*WHAT NEEDS TO BE DONE*
Word for word, transcribe the listing that follows, minus any pictures.

*DATA PROVIDED*

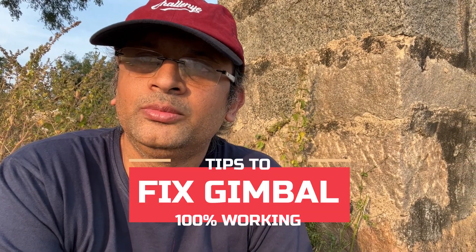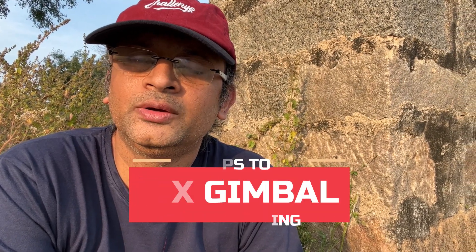Hello everyone. I use gimbal a lot, but sometimes you may face an issue with it — it may not work properly. So I thought I'll make a video which will help you with some tips.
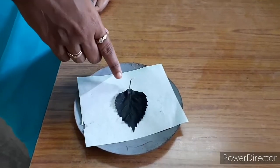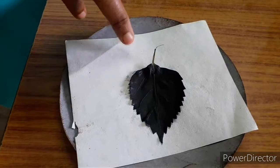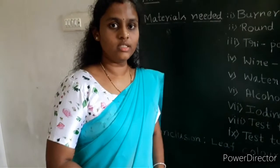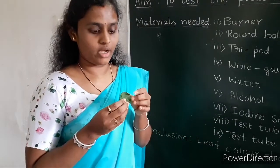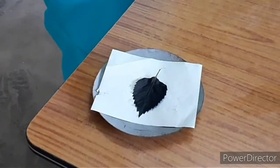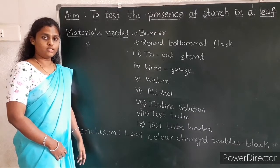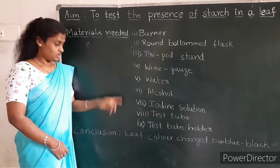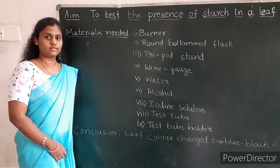Here, you can notice that the leaf has changed its color and it is now blue-black. The iodine solution reacts with the starch present in your leaves, and the final color formed is blue-black. I conclude that the plant which has carried out photosynthesis has starch present in its leaf — the leaf changes its color to blue-black. Thank you.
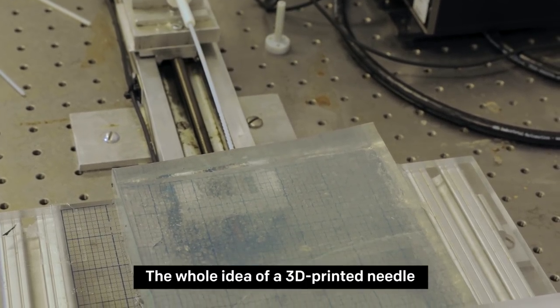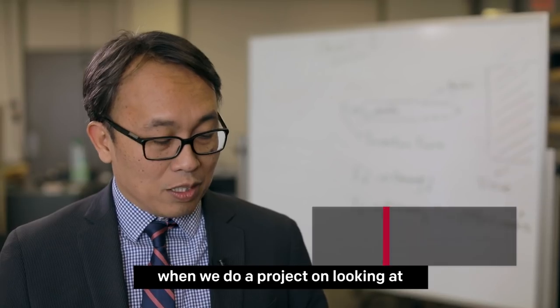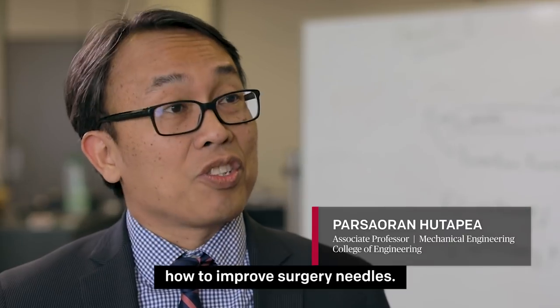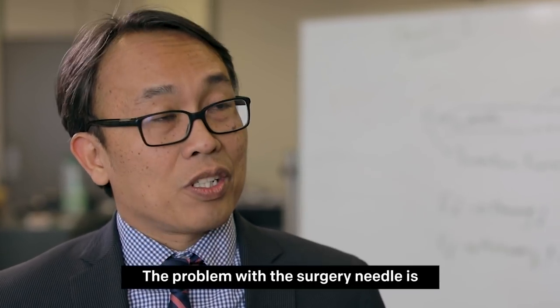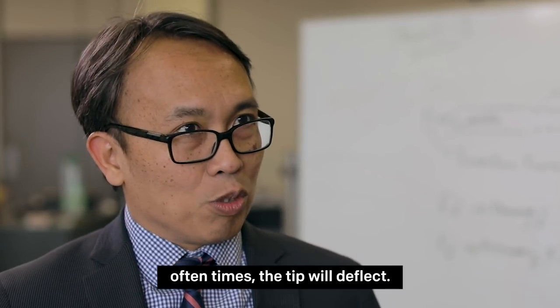The whole idea of a 3D printed needle came about six or seven years ago when we did a project on looking at how to improve surgery needles. The problem with the surgery needle is when you go into human tissue, often the tip will deflect.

*RESULT FOR THIS EXERCISE*
Hello everyone. I use gimbal a lot, but sometimes you may face an issue with it — it may not work properly. So I thought I'll make a video which will help you with some tips.
Here, you can notice that the leaf has changed its color and it is now blue-black. The iodine solution reacts with the starch present in your leaves, and the final color formed is blue-black. I conclude that the plant which has carried out photosynthesis has starch present in its leaf — the leaf changes its color to blue-black. Thank you.
The whole idea of a 3D printed needle came about six or seven years ago when we did a project on looking at how to improve surgery needles. The problem with the surgery needle is when you go into human tissue, often the tip will deflect.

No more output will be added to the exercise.